Did you have a case where our compatriot identified you in some foreign store and immediately started talking to you in Russian? And it is our ability to define "our own" that is shocking. You haven't even opened your mouth! How did he identify you from the crowd? You are dressed very European and behave differently. We have a special gift and it does not concern clothes, burnt skin on vacation or the love of alcohol. No, there are other reasons and it is written wonderfully about them in the SNOB magazine.
Below you will find six main hypotheses of the "connectivity" of Russians and all post-Soviet people who see each other no matter what.
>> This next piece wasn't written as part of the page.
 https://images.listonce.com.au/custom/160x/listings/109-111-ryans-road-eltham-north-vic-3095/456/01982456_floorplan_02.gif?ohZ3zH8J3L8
1. A post-Soviet person, when he is on vacation outside of the post-Soviet Union, least of all wants to meet compatriots. The logic is clear: there are plenty of them around the house. Well, if you have arrived somewhere, and there are all your own, it means that you have underestimated something, you have fallen for the common bait, you will not be able to brag properly on your return. At the sight of another Russian, almost every one of us instinctively makes a grimace: Well, I thought I was the only one so unique, experienced, inventive, strayed from the herd. Well, this grimace, of course, makes the recognition final.
2. Herding. In the century booking.com , TripAdvisor and we still buy tours from agencies. Not necessarily packaged, however "individual" — different travel agencies still send travelers to the same places, the owners of which have lured our agents and operators. It is extremely rare to meet travel business professionals who have enough imagination to come up with some unusual routes and establish the necessary connections for their retail sale - there is little business sense in this. As a result, "ours" in any place where travel agencies are sent is always enough to provide contrast with other travelers, recognition and associated discomfort (see paragraph 1).
3. The gait of a post-Soviet man. Perhaps its closest analogue is the pimp walk of an African—American from a disadvantaged area. Or the plastic wolf from "Well, wait!". Our man's legs demonstrate his self-confidence in every possible way. As he approaches, if he does not radiate danger (for this most of us lack muscle mass), then he sends a clear signal: don't put your finger in my mouth, don't even try to deceive me. Even a clerk, even, it's scary to say, a hipster tries to walk like that when he feels a threat coming from an alien external environment. I must say that the post-Soviet gait is not only instantly recognizable, but it seems to provoke all kinds of scams and street sellers of unnecessary things: these guys have seen everything in their lives and accept the challenge.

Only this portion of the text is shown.